After it was over — after Gov. Phil Murphy had announced a “new era of cooperation” between Amtrak and New Jersey Transit, one that will start by bringing much-needed improvements to four key rail stations in the state, longtime friends Tony Coscia and Kevin Corbett had only one disagreement remaining: Just how bad things had gotten between the two transit organizations they head.
Coscia, the chairman of Amtrak, was more diplomatic.
“There was a period of time when Amtrak and New Jersey Transit were really not on the same page,” he told ROI-NJ. “In a way, they kind of viewed themselves as being in a zero-sum game where the cooperation would come at a cost. So, they tried not to cooperate.”
Corbett cut straighter to the point.
“There was hostility when I came in,” he said. “Open warfare, really, between the two agencies.
“You had that first ‘Summer from Hell’ on top of the fact the previous administration refused to pay where they were contractually obligated to pay. And then Amtrak, logically, starting to pull back on projects, saying, ‘If you’re not going to pay us, we’re not going to do the projects.’
“It’s one thing to have disputes at a high level, but when it really gets down to the rank-and-file people, it really started impacting operations.”
Those days, both said, are gone.
On Tuesday afternoon, standing in front of the New Brunswick train station, Murphy announced that all sides had put aside their differences and will begin making improvements in New Brunswick (extending the platform and eventually building a bridge across Route 27 to the RWJBarnabas Health wellness center), Elizabeth (an overhaul of the station on both sides) and Princeton Junction and Trenton (where ADA compliance upgrades will improve the overall look).
Improving that overall look, Murphy said, is key.
“Both Amtrak users and NJ Transit riders will begin to see a series of significant improvements, both on the platforms and in the stations, that will make access easier, waiting more comfortable and enhance safety and ADA compliance,” he said.
What wasn’t as visible was the behind-the-scenes talks between Amtrak (which was owed money by NJ Transit) and NJ Transit (which was being denied approvals by Amtrak, which is essentially the landlord of the rails.
Coscia and Corbett said talks picked up since the sides made a smaller announcement in February — and gave Murphy credit for starting them.
“He got the people at the top to start being rational,” Corbett said. “He said, ‘We know we need to have Amtrak and New Jersey Transit investing as quickly and as much as we can into the Northeast Corridor.’
“When you look at where our problems are on the Northeast Corridor, the stations are one thing, but it really gets into having that cooperation on the infrastructure.”
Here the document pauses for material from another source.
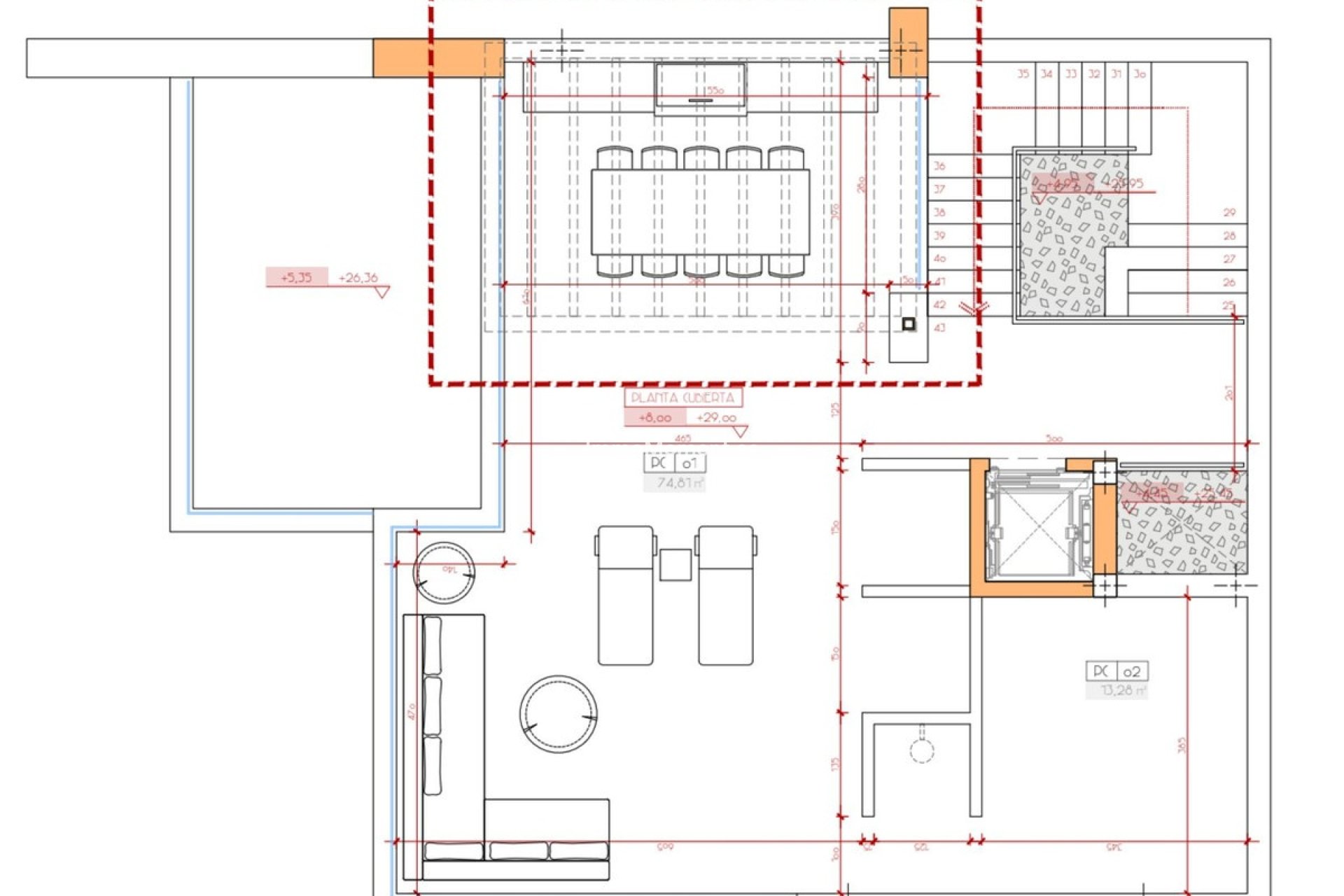 Bestaande woning - Grond - Marbella - Marbella Centro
Coscia saw the bigger picture, too.
In fact, he sees New Jersey as a model for Amtrak across the country.
“We’re replicating this idea of partnering with the states where we operate our business, because we think that’s the future of Amtrak,” he said. “Our ability to expand and create a national model of city pairs is something that is only going happen if we have effective partnerships. So, we had to find a way to sort of create a new operating model where we kind of consider them our partners.”
It wasn’t easy to get to that point, Coscia said.
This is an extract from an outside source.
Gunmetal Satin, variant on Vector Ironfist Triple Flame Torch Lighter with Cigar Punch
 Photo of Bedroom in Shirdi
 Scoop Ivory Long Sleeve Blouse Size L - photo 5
“New Jersey was a classic place where it had really gotten bad,” he said. “They owed us a ton of money, we owed them all kinds of approvals and signoffs. And it just was sort of one of these things where cooler heads prevailed.
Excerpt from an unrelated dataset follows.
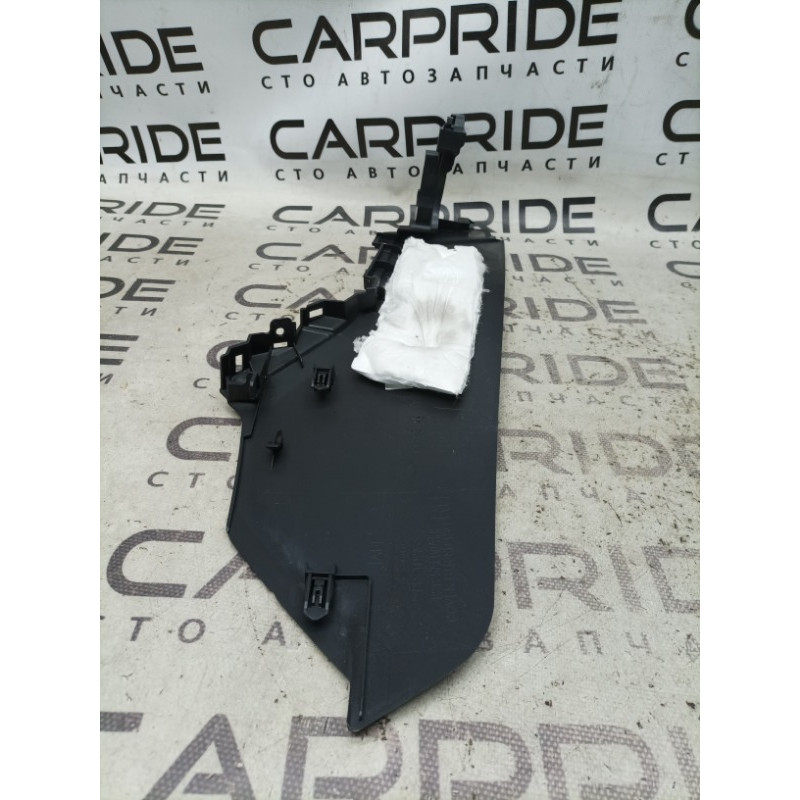 Накладка центральной консоли (салон) Subaru Outback BS 2016 2.5 92125AL00AVH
“I think the governor deserves credit for it because he basically said, ‘This problem is bigger than both of us and we’ve got a better chance of solving it together than we do independently.”
It’s also not going to get solved without financing.
Corbett said that’s not an issue here. He said funding for the station projects was approved years ago.
“This is pre-(President Donald) Trump money,” he said. “We’ve had these commitments, these FTA grants. It was money from when they still had earmarks. We’re not getting those kinds of numbers anymore, but we had the full-funding grant agreement signed, we just couldn’t execute.”
The bridge, meanwhile, will be paid for through a cost reimbursement agreement between NJ Transit and the New Brunswick Parking Authority, which was originally signed in March 2014 and then extended this March in an agreement signed by Corbett.
Tuesday’s announcements only can spur hope that such cooperation can lead to the announcement of the grand prize project: the Gateway Tunnel.
Coscia, who said he has seen representatives from New Jersey and New York become greater partners in that push, keeps holding out hope.
“I think you now can make a pretty good argument that, candidly, the two states are driving to get it done,” he said. “And that wasn’t always the case.”
For Coscia, Tuesday’s announcement was an example of partners coming together for a common good.
“What we’re doing today is saying these four stations are things we should be doing, because it affects both of us,” he said. “It just requires people focusing on it and not viewing it as if you do something good for one, it’s bad for the other. It’s good for both of us. We just have to have a conversation.”